Antonio Negri
O caminho democrático para o fascismo
Tornou-se uma observação precipitada que todo poder seja “poder de exceção”. Pena que esta afirmação não explica a diferença entre um regime fascista e um regime constitucional. Não há nenhuma diferença, replica aquele que afirma a normalidade da “exceção”. Que vá então explicar aos cidadãos brasileiros que aguardam a posse de Bolsonaro e ouvirá a resposta: “Tu estás louco!”

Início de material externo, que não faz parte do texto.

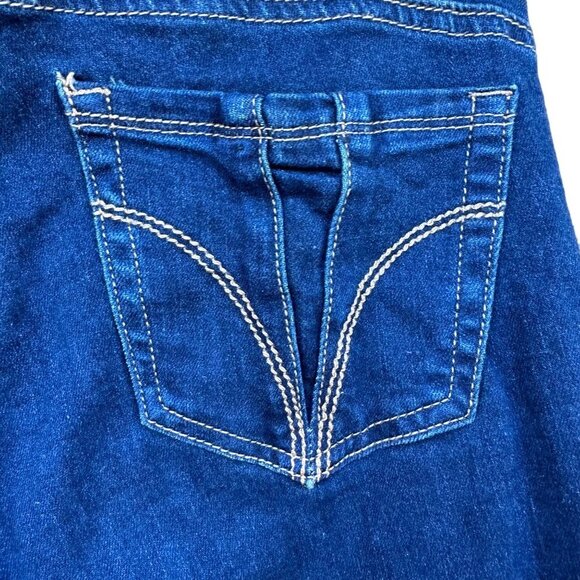 Indigo Dark Blue Maternity Skinny Stretch Size LM - Picture 15 of 15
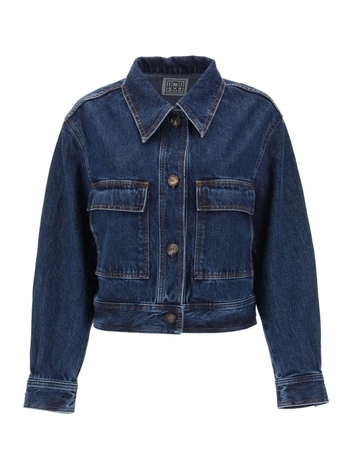 토템 Toteme cropped denim jacket 233 1044 741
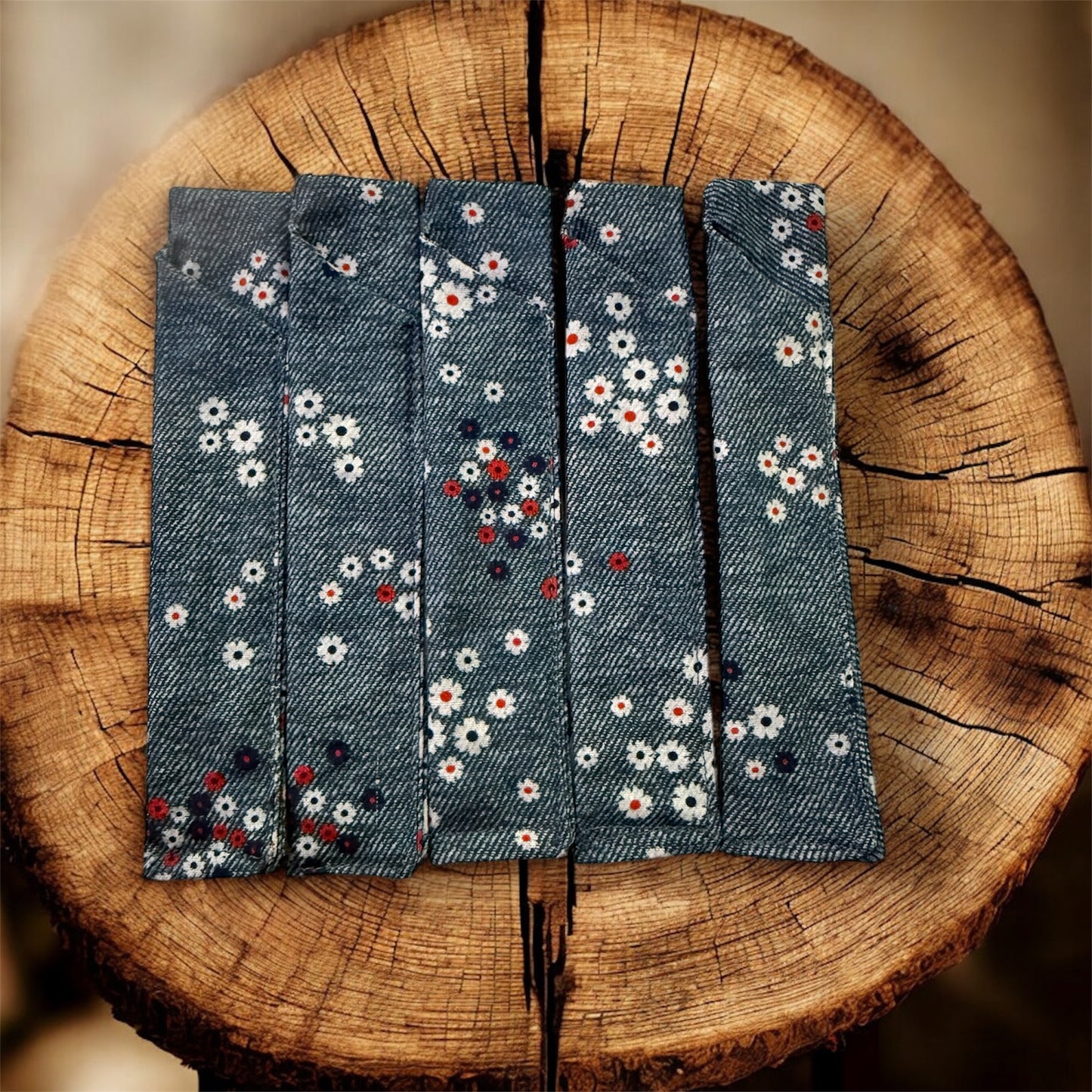 Handmade floral pen sleeves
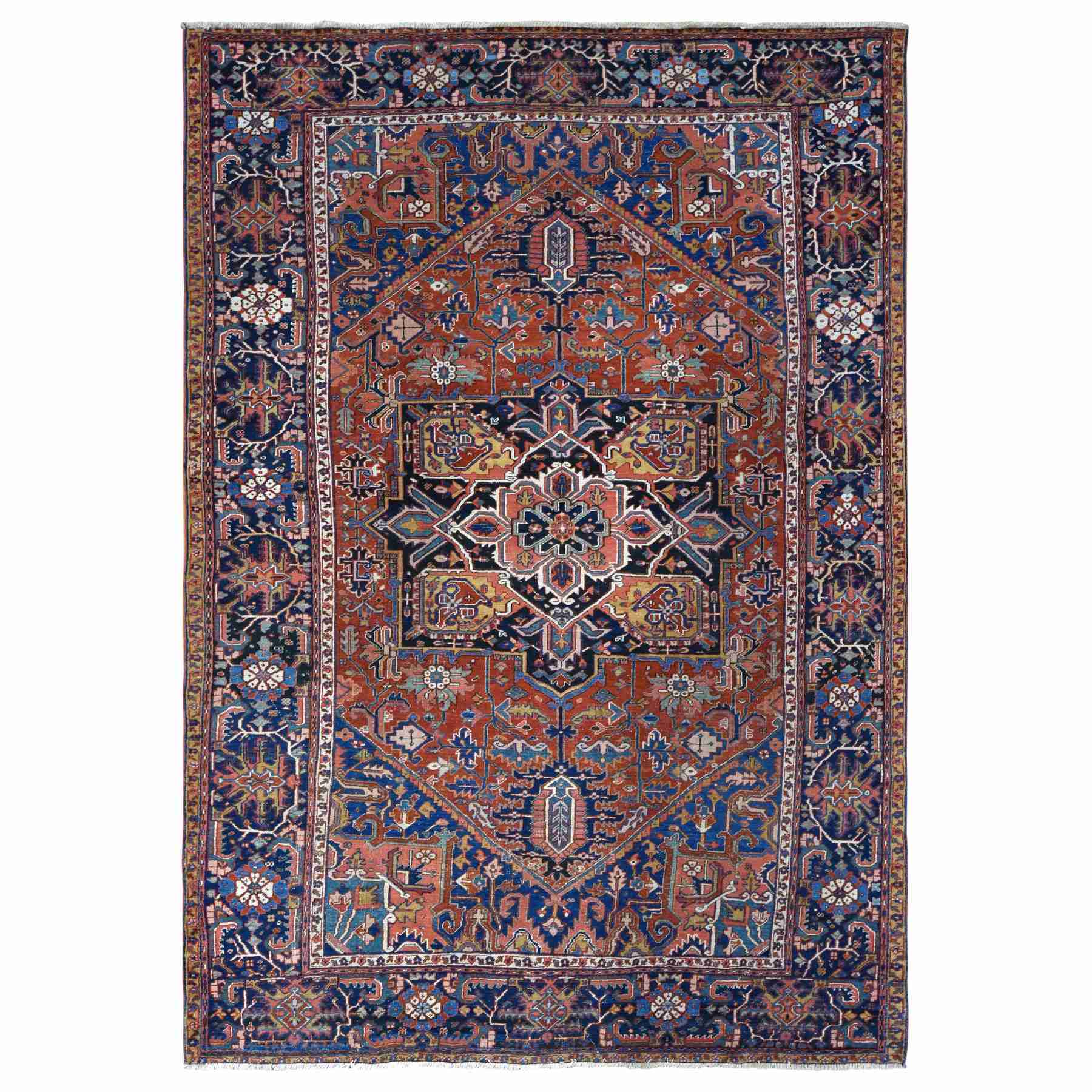 Antique-Hand-Knotted-Rug-390355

Na tradição do marxismo revolucionário, a analogia entre o regime democrático e o regime fascista é rejeitada. Quando nos anos 20 a Terceira Internacional impôs esta semelhança (que logo se tornou uma identidade) sabemos como terminou. Com igual atenção e distinção, parece-me que devemos olhar para o conceito de poder constituinte: ele não pode ser confundido ou mesmo misturado com a “exceção política”, com seu exercício, como sustentam os cultivadores da “autonomia do político” nas pegadas de Carl Schmitt – para quem o poder constituinte seria apenas uma figura da exceção.
A respeito do que aconteceu no Brasil, para retornar a nós, deve-se notar, em primeiro lugar, o fato de que o fascismo chegou não através de um “golpe de Estado” clássico (desde fora das instituições democráticas), através da “exceção” (como mais ou menos aconteceu com os fascismos latino-americanos até Pinochet), mas desde dentro do processo constitucional; não através de uma ruptura com a ordem constitucional, mas através da construção constitucional de uma nova legitimidade. Em segundo lugar, estou convencido de que o governo fascista brasileiro não exercerá o poder através de uma mutação externa e violenta do regime constitucional, mas sim através de uma atenuação suave (exceto contra a população negra) das liberdades civis e da governance existente na Constituição. Ou seja, através da colocação em movimento de um tipo de “poder constituinte”, dentro da governance – funcional, absorvido nela e capaz de determinar profundas modificações no tecido constitucional. Este caminho perverso da democracia, agora afirmado no Brasil, mas já experimentado no todo ou em parte noutras situações e noutros países (Turquia, Egito, por exemplo, sem falar nos antigos países socialistas) deve ser criticado – imaginando o que significa hoje “democracia representativa”, mas também “democracia” em geral, e portanto como, de que formas, e com quais objetivos se devem mover aqueles que se propõem construir e defender uma Constituição que respeita a liberdade, construa igualdade e forneça (proponha) suas condições – e, finalmente, se ainda é possível fazer estas perguntas ou se deve reciclar o tecido mesmo do questionamento.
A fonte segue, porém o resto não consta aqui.